**Data entries**.
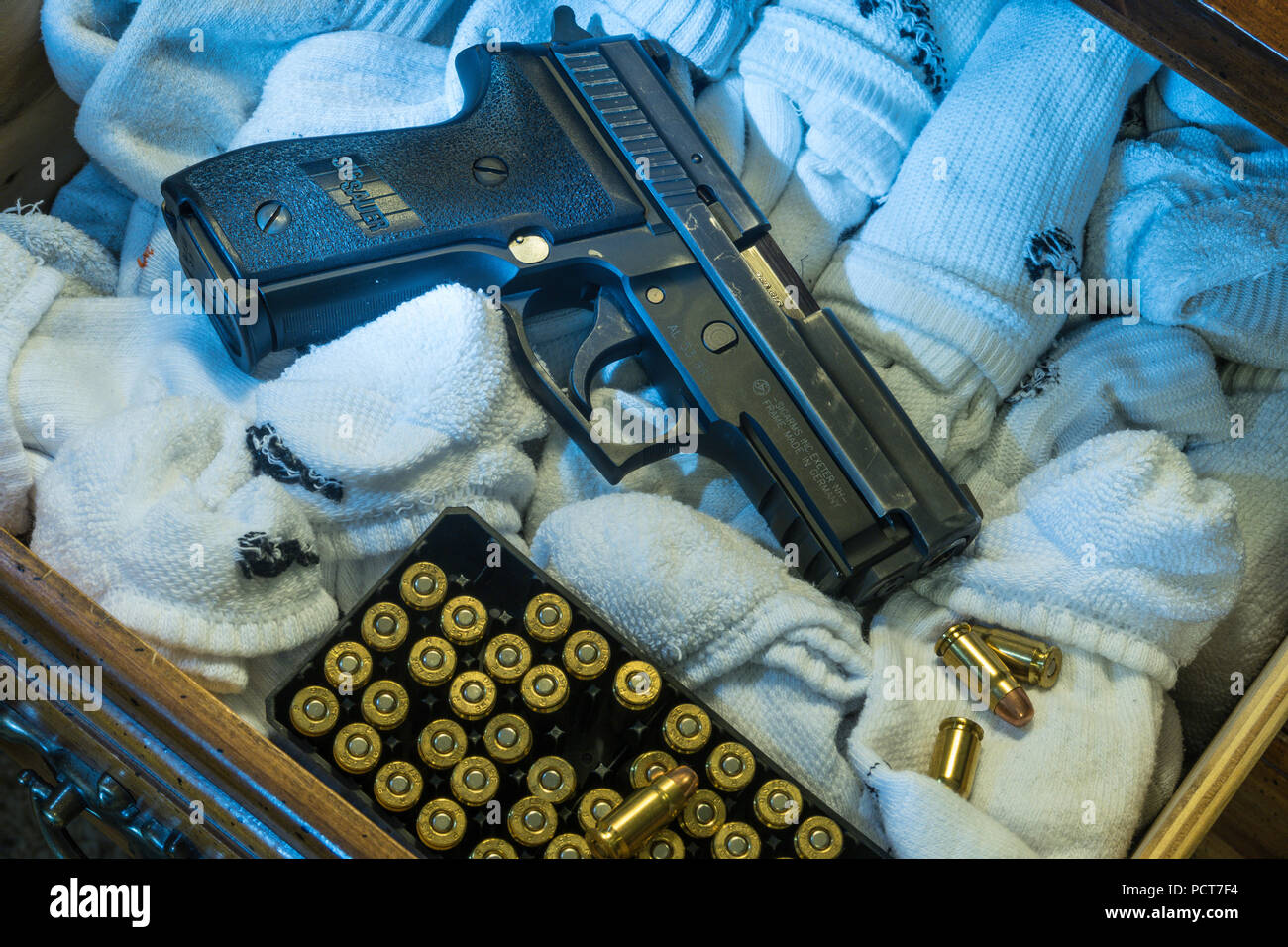 Semi-automatic pistol in sock drawer, USA Stock Photo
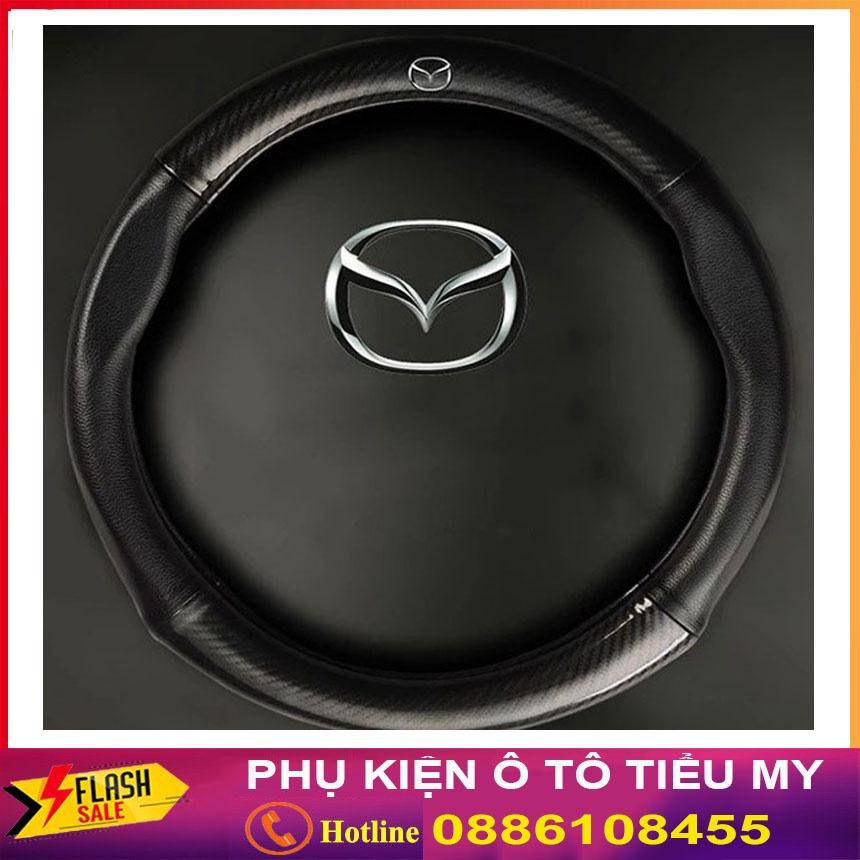 Bọc vô lăng Carbon mẫu cao cấp có đính kèm logo MAZDA màu đen chất liệu da dày dặn thiết kế bắt mắt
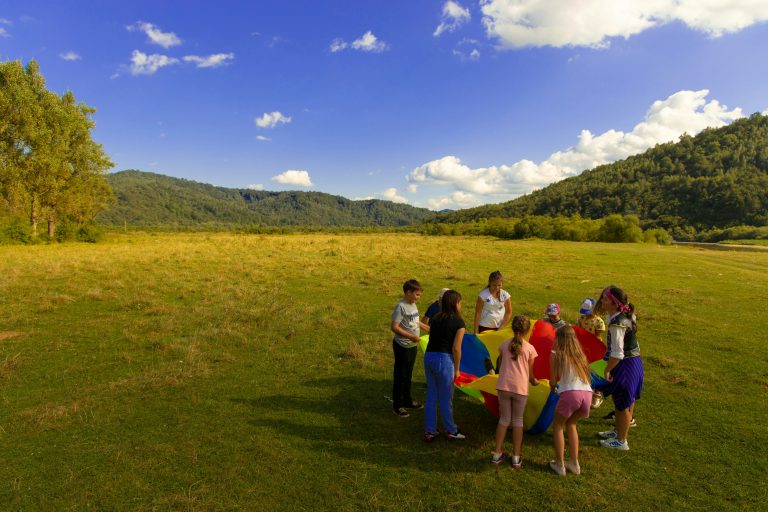 Illustrative group of children and adults doing an outdoor camp activity
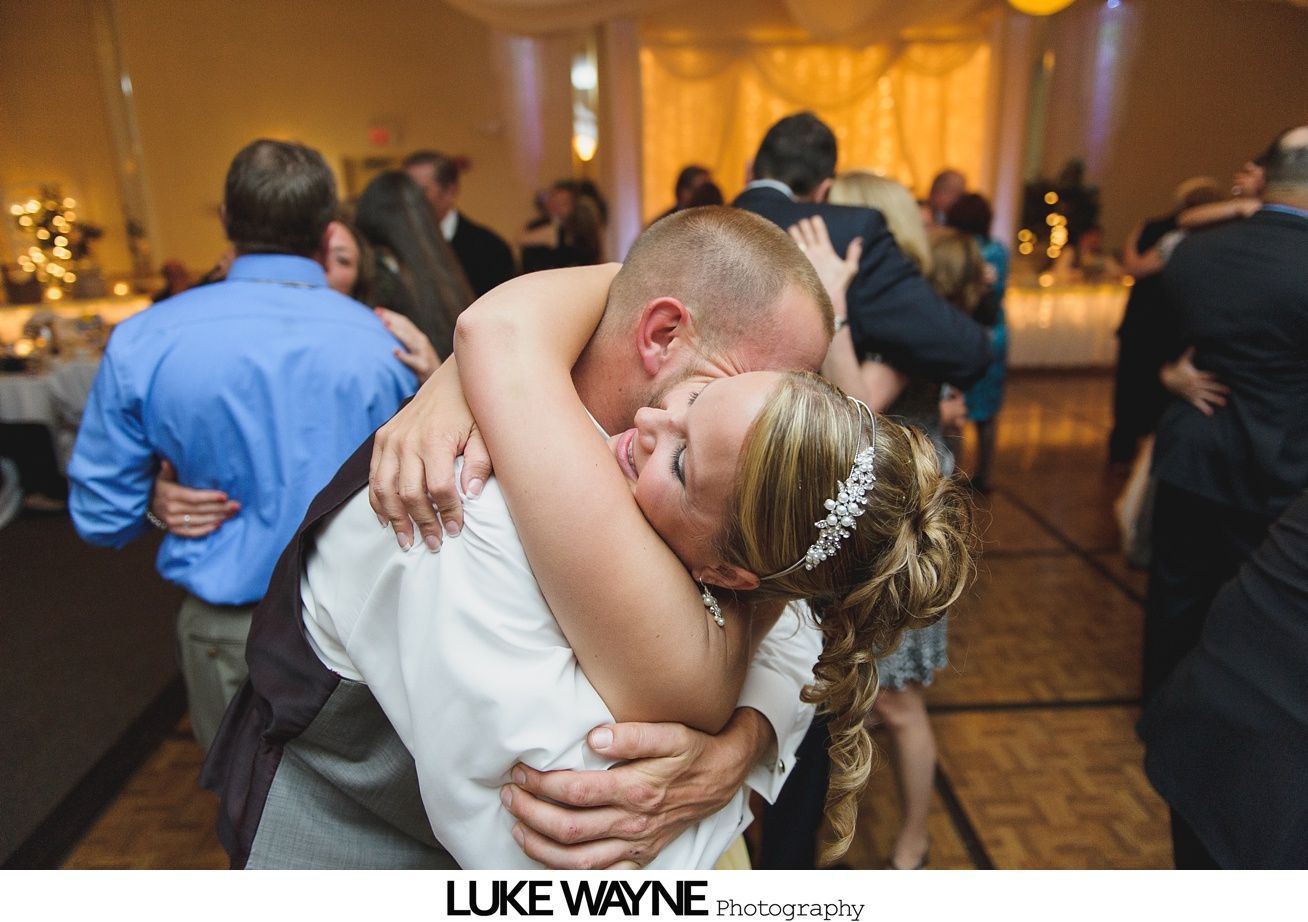 Bride and groom hugging and kissing on a dance floor during a wedding reception.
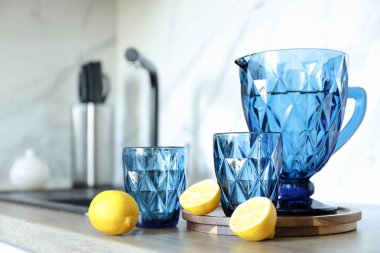 Mutfakta mavi yüzlü sürahi ve su ve limon dolu bardaklar..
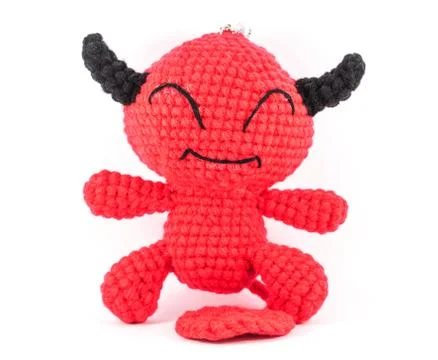 Handmade crochet red devil doll on white background Stock Photos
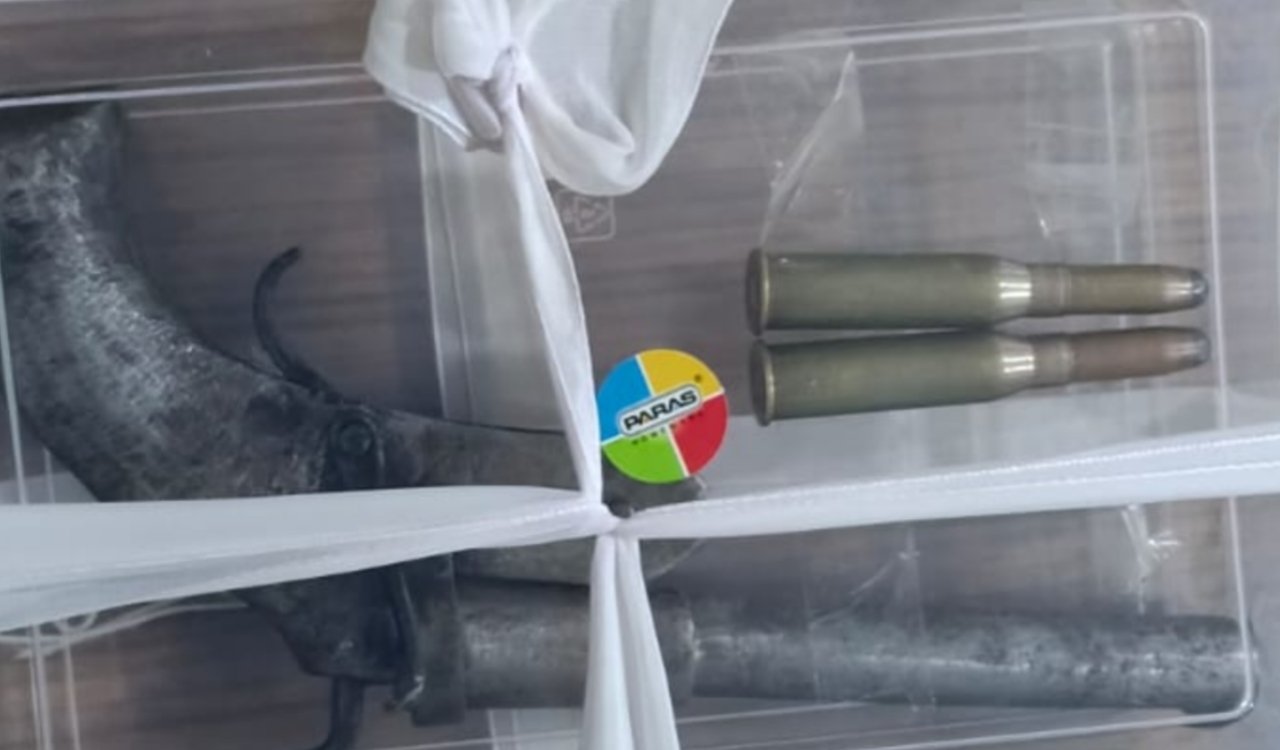 Police arrived at Purulia Road following a report of a domestic dispute and recovered a country-made pistol and two live rounds from a minor.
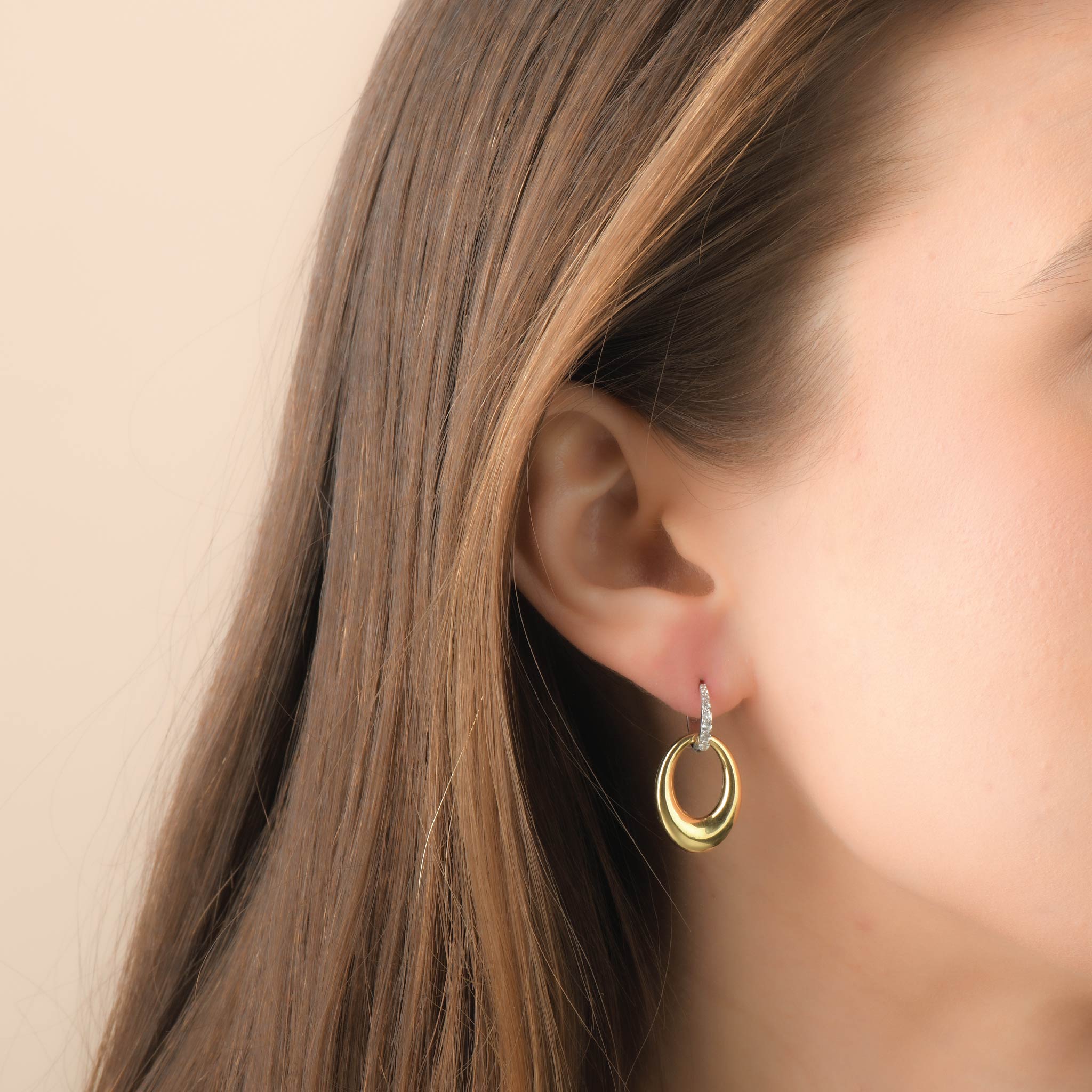 Close-up of gold and silver hoop earrings with white sapphires on a woman's ear.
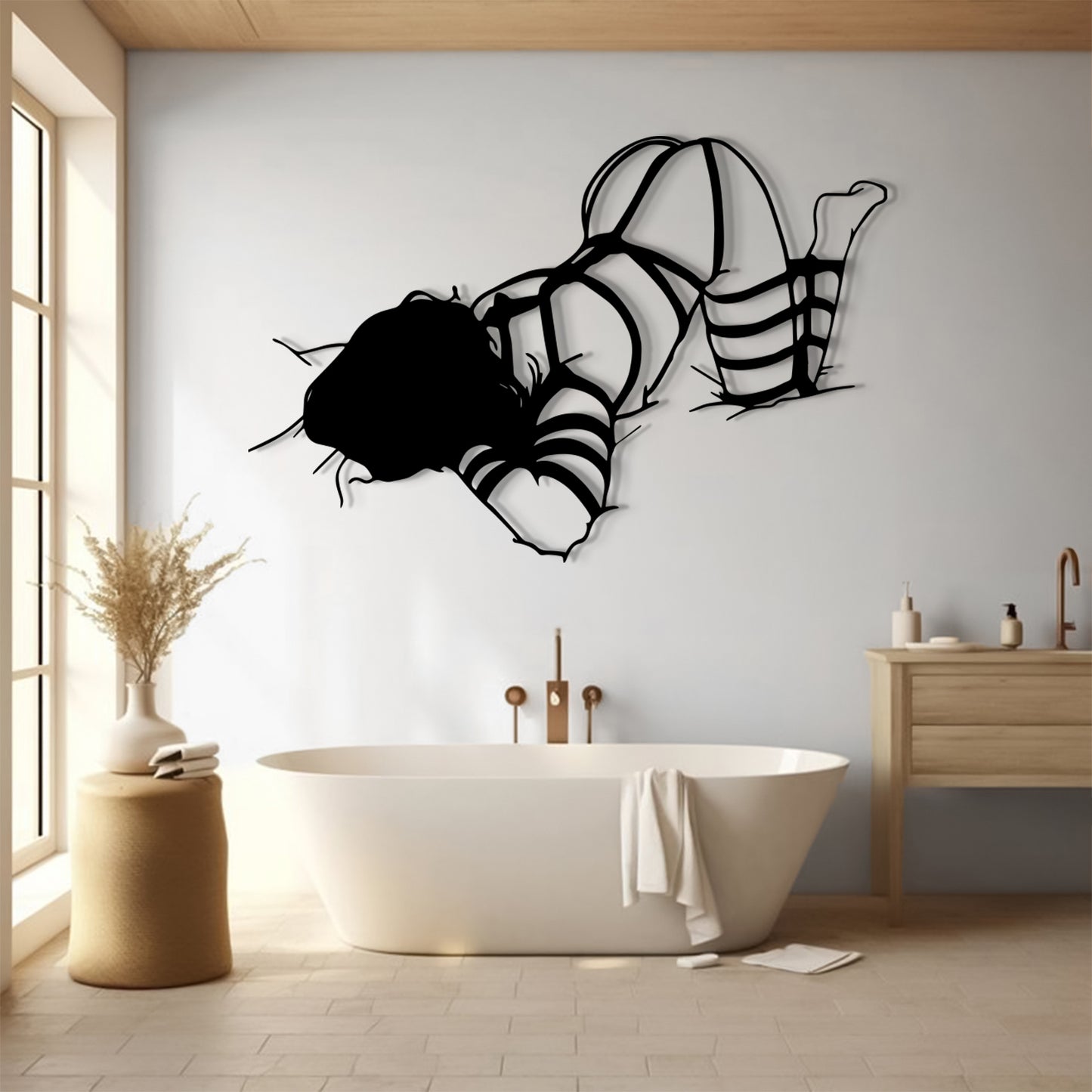A black metal wall art piece depicting a woman in strappy lingerie, displayed on a light gray wall above a white freestanding bathtub in a modern, sunlit bathroom.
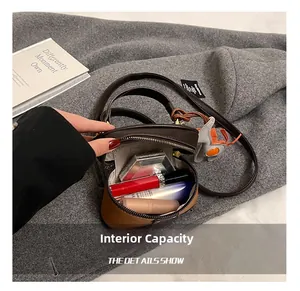 Internal view of a cylinder cross-body bag showing storage for makeup and lipstick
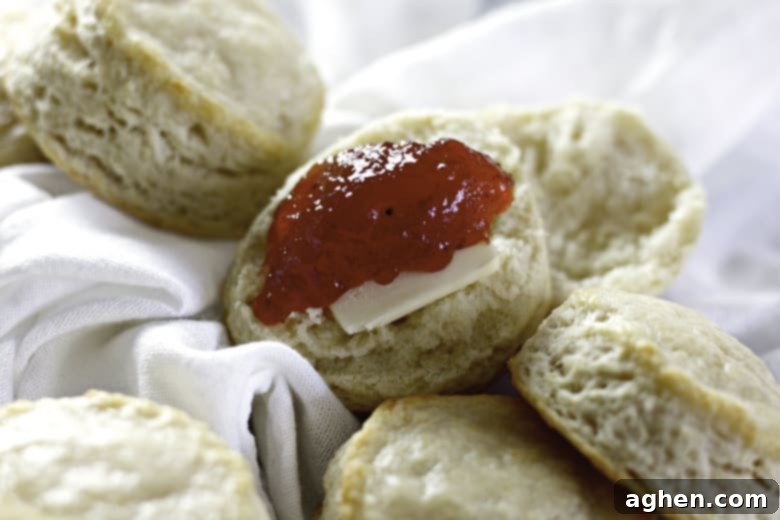 A close-up view of freshly baked buttermilk biscuits, one split open with melting butter and a dollop of bright red jam, highlighting the fluffy texture and golden crust.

**Your instructions**. Now write out the data word for word, skipping every picture in it.

**Output below**.
 Semi-automatic pistol in sock drawer, USA Stock Photo
 Bọc vô lăng Carbon mẫu cao cấp có đính kèm logo MAZDA màu đen chất liệu da dày dặn thiết kế bắt mắt
 Illustrative group of children and adults doing an outdoor camp activity
 Bride and groom hugging and kissing on a dance floor during a wedding reception.
 Mutfakta mavi yüzlü sürahi ve su ve limon dolu bardaklar..
 Handmade crochet red devil doll on white background Stock Photos
 Police arrived at Purulia Road following a report of a domestic dispute and recovered a country-made pistol and two live rounds from a minor.
 Close-up of gold and silver hoop earrings with white sapphires on a woman's ear.
A black metal wall art piece depicting a woman in strappy lingerie, displayed on a light gray wall above a white freestanding bathtub in a modern, sunlit bathroom.
 Internal view of a cylinder cross-body bag showing storage for makeup and lipstick
 A close-up view of freshly baked buttermilk biscuits, one split open with melting butter and a dollop of bright red jam, highlighting the fluffy texture and golden crust.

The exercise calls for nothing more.